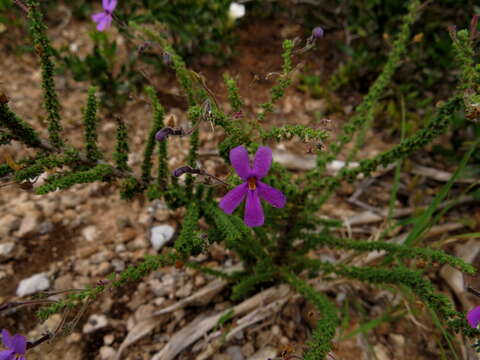 Image of Jamesbrittenia microphylla (L. fil.) O. M. Hilliard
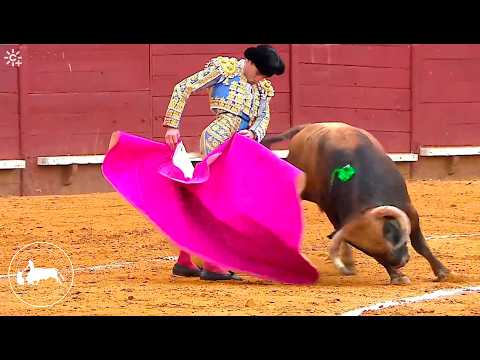 Roca Rey, Fortes y Juan Ortega, cartel de la corrida picassiana del Sábado Santo en Málaga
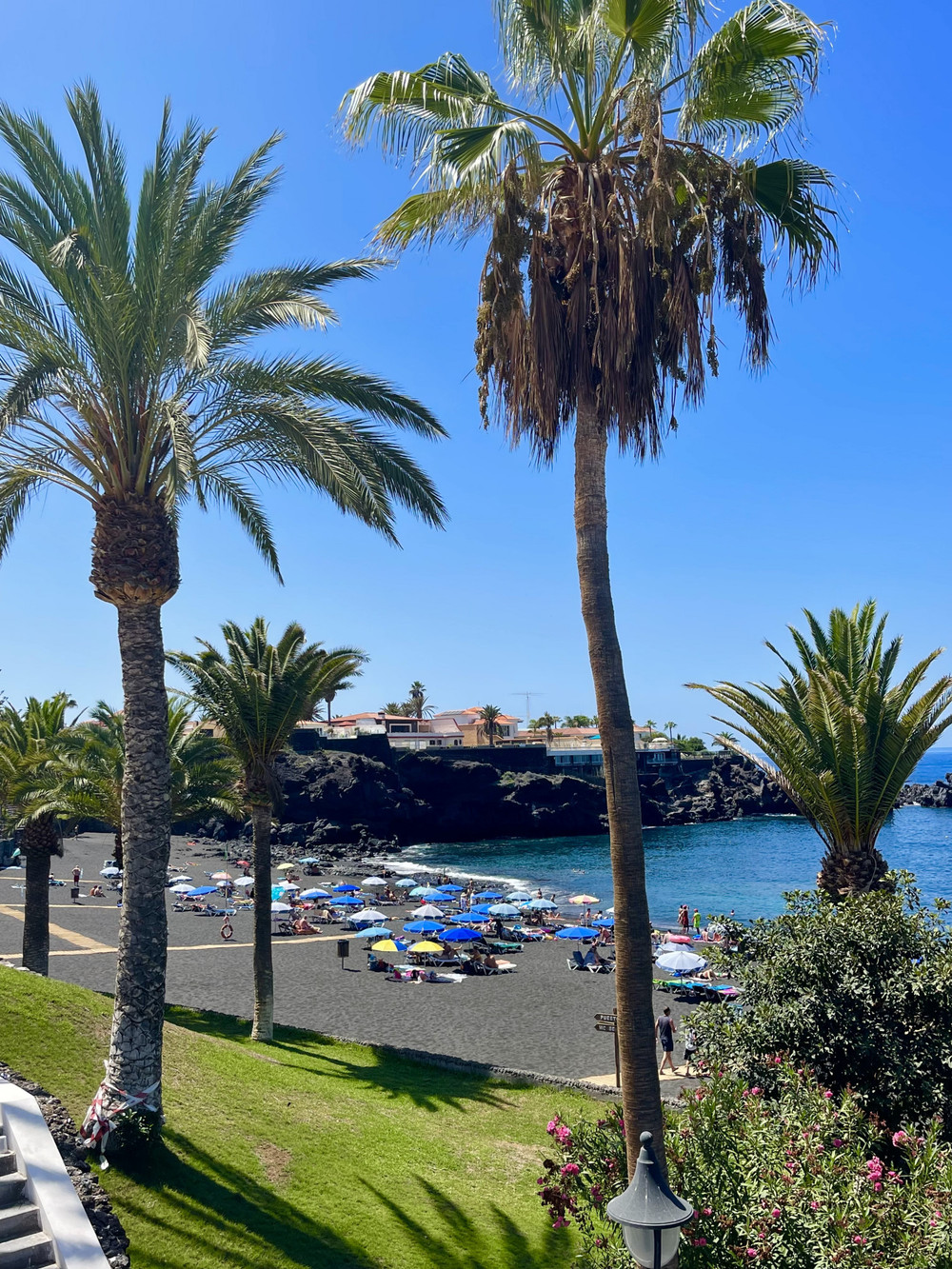 One bedroom apartment Playa la Arena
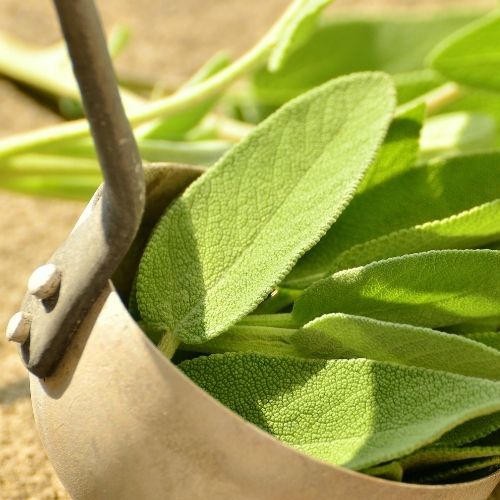 Our Herbal & Botanical Fragrance Oils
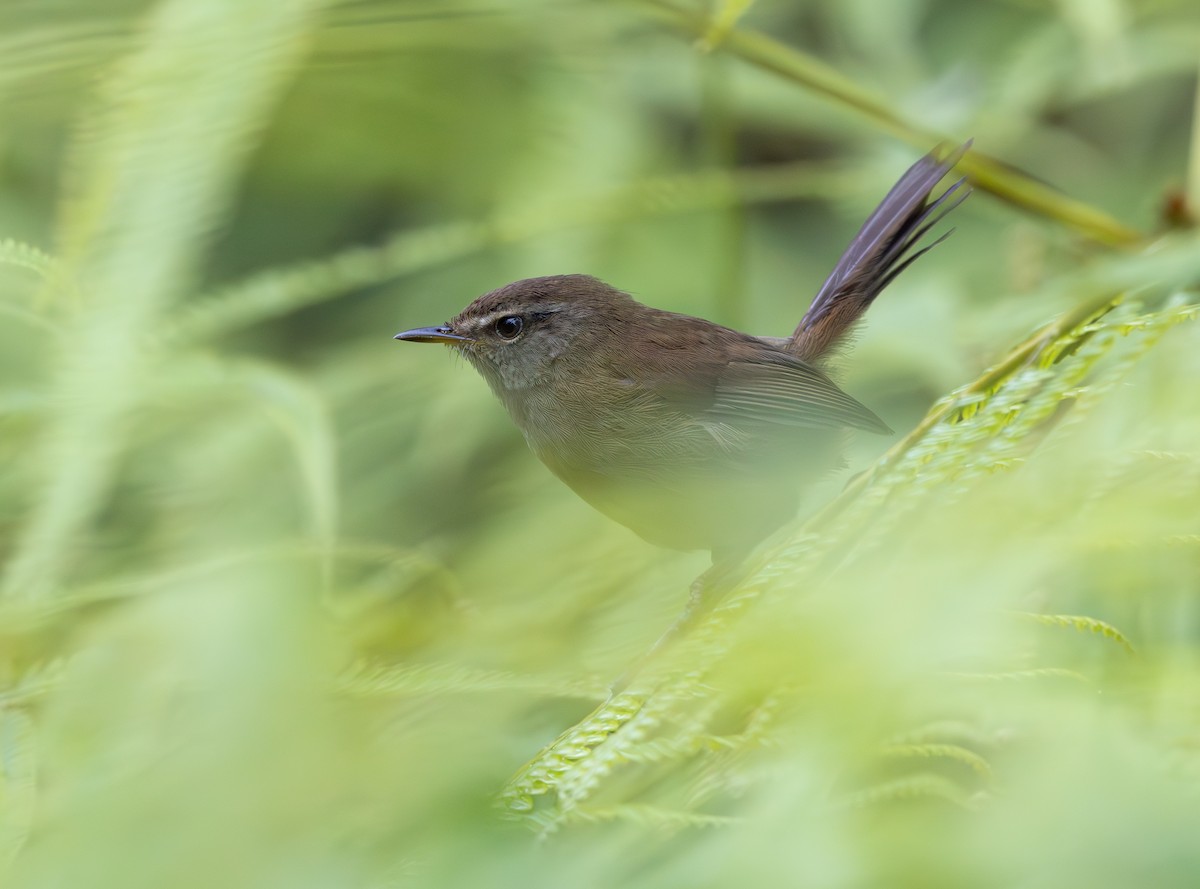 Aberrant Bush Warbler - ML644228561
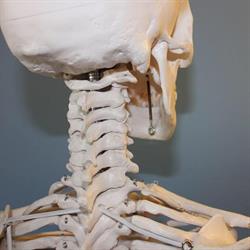Osteopata Cécile Cassini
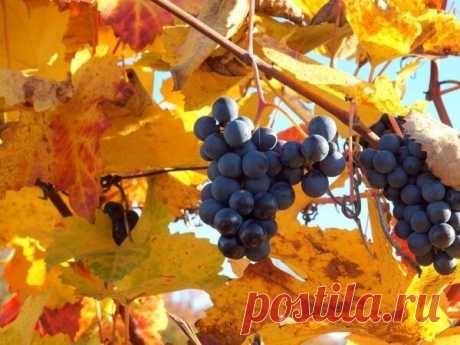 Осенняя покормка винограда - залог хорошего урожая на следующий сезон. Простые рецепты | Мой сад и огород | Яндекс Дзен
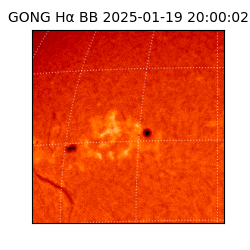 gong - 2025-01-19T20:00:02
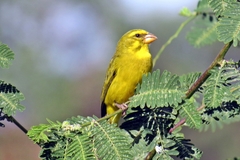 Crithagra sulphurata sharpii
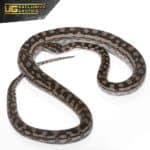2018 Male Inland Carpet Python For Sale - Underground Reptiles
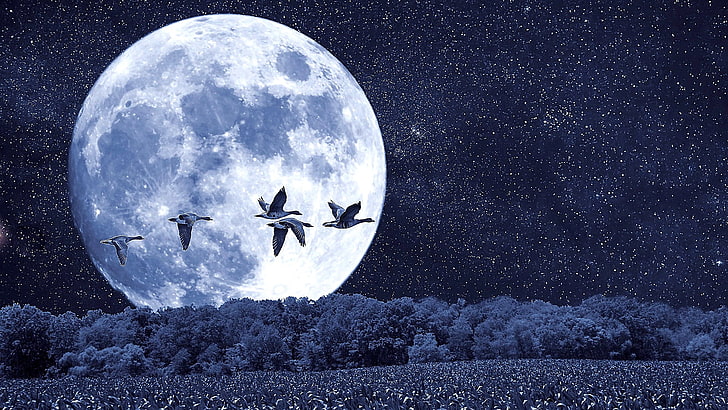 night sky, moon, birds, moonlight, full moon, mallards, fantasy landscape, HD wallpaper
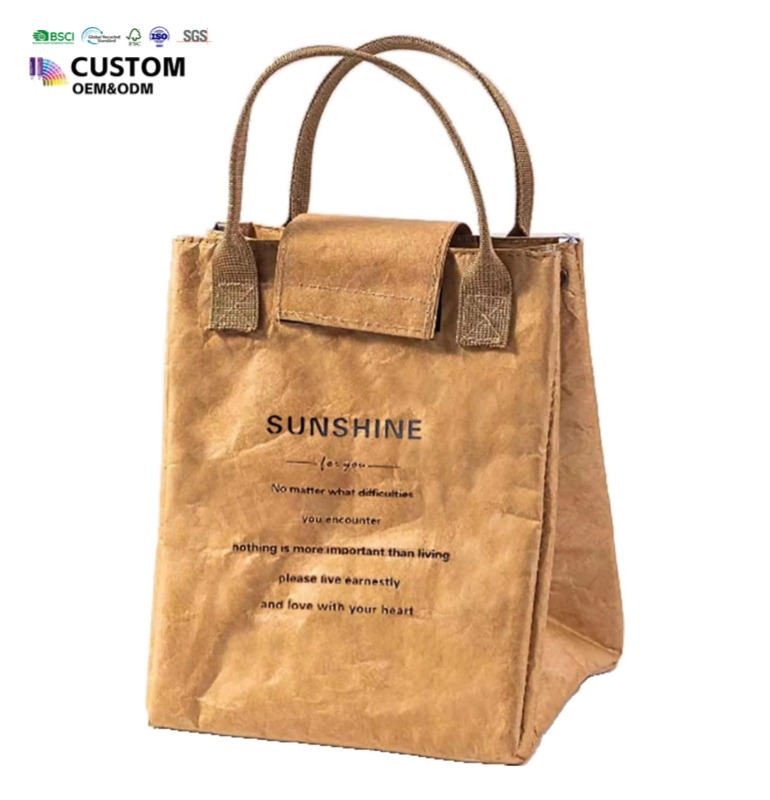 Brown Paper Tyvek Lunch Bag Waterproof Insulated Cooler Bag Eco Reusable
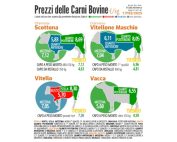 Carne bovina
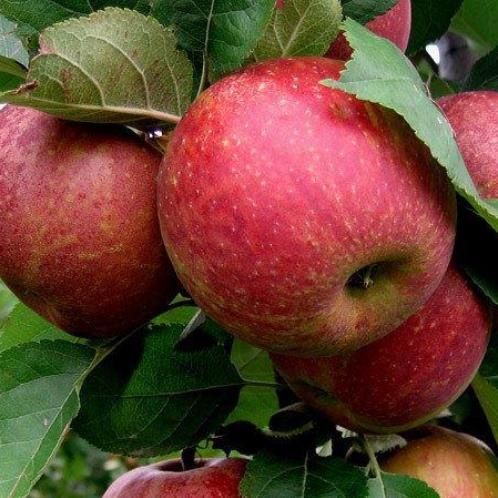 Apple Belle de Boskoop - Pb12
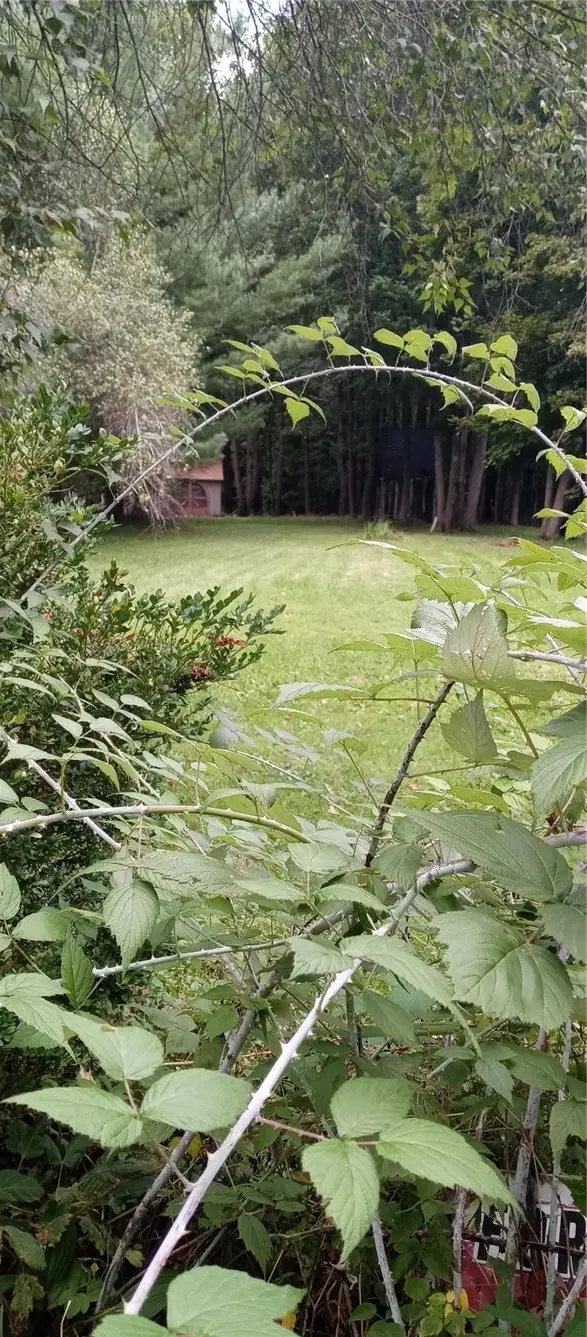 174 River Street, Oneonta, NY 13820 - #2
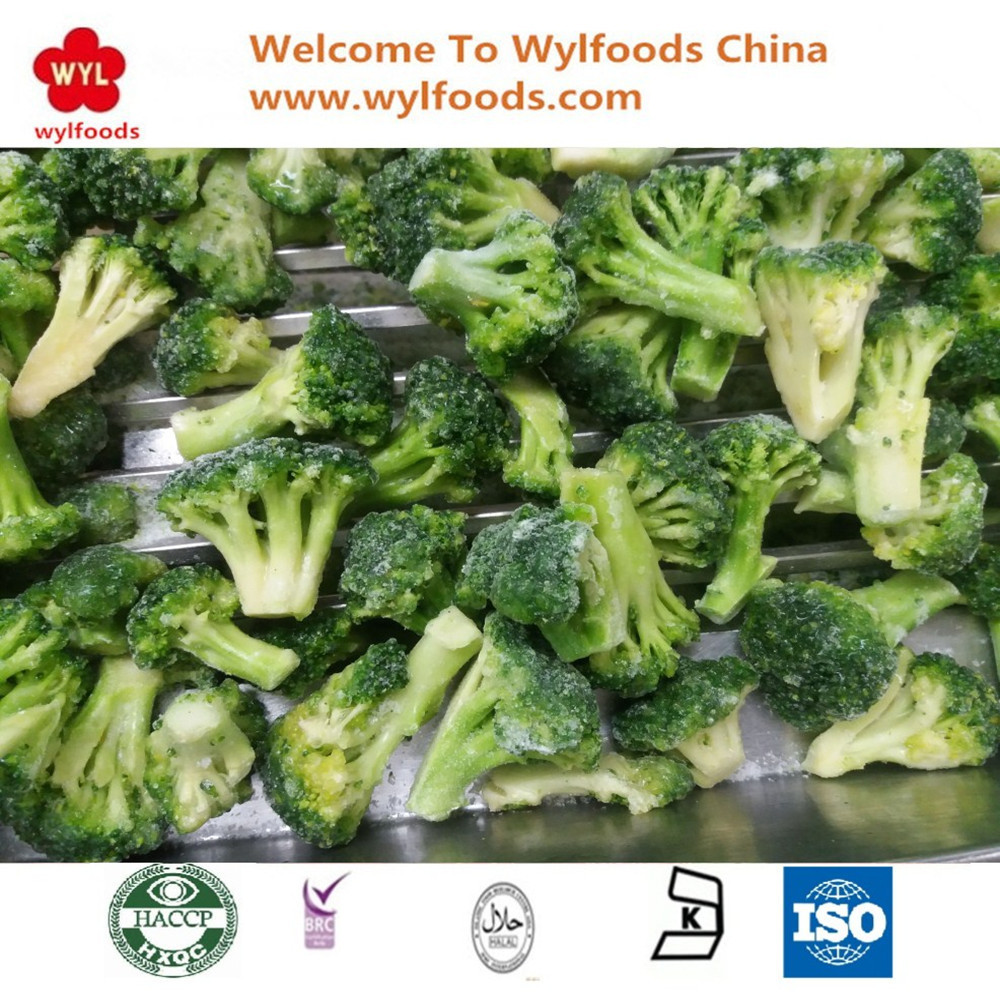 Premium Grade Healthy Frozen Chinese Broccoli Frozen Broccoli Stem Export IQF Broccoli Floret 10-20mm Ideal for Global Traders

+ + + + + + +

> [WHAT TO DO] Omit any images, then output the listing exactly.

> [RESPONSE TO THIS TASK]
 Image of Jamesbrittenia microphylla (L. fil.) O. M. Hilliard
 Roca Rey, Fortes y Juan Ortega, cartel de la corrida picassiana del Sábado Santo en Málaga
 One bedroom apartment Playa la Arena
 Our Herbal & Botanical Fragrance Oils
 Aberrant Bush Warbler - ML644228561
Osteopata Cécile Cassini
 Осенняя покормка винограда - залог хорошего урожая на следующий сезон. Простые рецепты | Мой сад и огород | Яндекс Дзен
 gong - 2025-01-19T20:00:02
 Crithagra sulphurata sharpii
2018 Male Inland Carpet Python For Sale - Underground Reptiles
 night sky, moon, birds, moonlight, full moon, mallards, fantasy landscape, HD wallpaper
 Brown Paper Tyvek Lunch Bag Waterproof Insulated Cooler Bag Eco Reusable
 Carne bovina
 Apple Belle de Boskoop - Pb12
 174 River Street, Oneonta, NY 13820 - #2
 Premium Grade Healthy Frozen Chinese Broccoli Frozen Broccoli Stem Export IQF Broccoli Floret 10-20mm Ideal for Global Traders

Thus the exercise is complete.